Format( "Best", 12 ),

Formula( If(:ID2 != Lag(:ID2, 1) | Row() == 1, 1, Lag(:Repeat, 1) + 1) )

);

:Repeat << Delete Formula; // faster than 'for each row()'

// Split

dt2 = dt1 << Split(

Split By( :ID2 ),

Split( :Value ),

Group( :ID, :Repeat )

);

// Delete aauxiliary column

dt2 << deleteColumn(:Repeat);

ron_horne

Super User

Joined:

Jun 23, 2011

thanks msharp​,

by the way, in a previous post @MS offerd this formula for indexing      :Sum( :ID[Index( 1, Row() )] == :ID )@ms offerd this formula for indexing      :Sum( :ID[Index( 1, Row() )] == :ID )

Re: Syntax: How do I create an index column by ID

is there a way for using it in this context? with two index columns and one of them is alphabetic?

best,

ron

msharp

Super User

Joined:

Jul 28, 2015

I would stay away from this approach in general, static data is generally safer than dynamic data. You have to ask yourself how important is the order of the data?  This solution will keep the keys in order, but the values are free to roam.  BUT...

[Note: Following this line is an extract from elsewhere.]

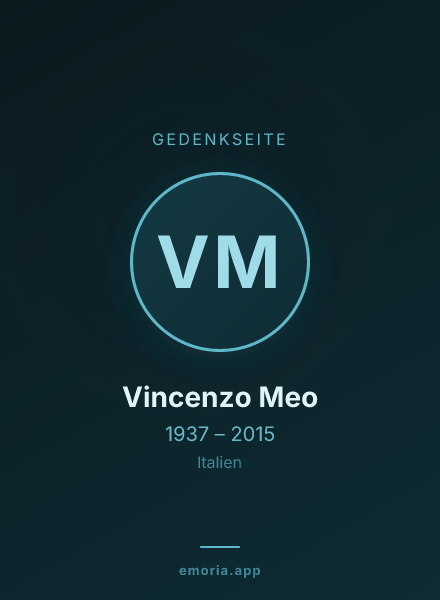 Gedenkportrait von Vincenzo Meo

That solution will only work with numeric columns.  If we were to replace :ID2 with :ID2Num where A's = 1, B's =2 ect. you could simply use an & statement, thus :Sum( :ID[Index( 1, Row() )] == :ID & :ID2Num[Index( 1, Row() )] == :ID2Num ) for the formula.

If you have character columns you'll have to be more creative.  Thus for the formula:

length(concat items(:ID2[Index( 1, Row() )],"")) - length(substitute(concat items(:ID2[Index( 1, Row() )],""), :ID2,""))

or

dt1 << New Column("Concat", Character, Nominal, Formula(:ID2 || char(:ID)));

dt1 << New Column("Repeat", Character, Nominal, Formula((length(concat items(:Concat[Index( 1, Row() )],"")) - length(substitute(concat items(:Concat[Index( 1, Row() )],""), :Concat,"")))/2)); //the 2 at the end accounts for the length of the concatenated string

There's a lot going on here, and I don't have the energy to explain it now.  But let me know if you have questions; really, there's a more viable simpler solution above.

ron_horne

Super User

Joined:

Jun 23, 2011

thanks msharp​,

it works great.

and you are write, keeping things simple is probably the best way to go.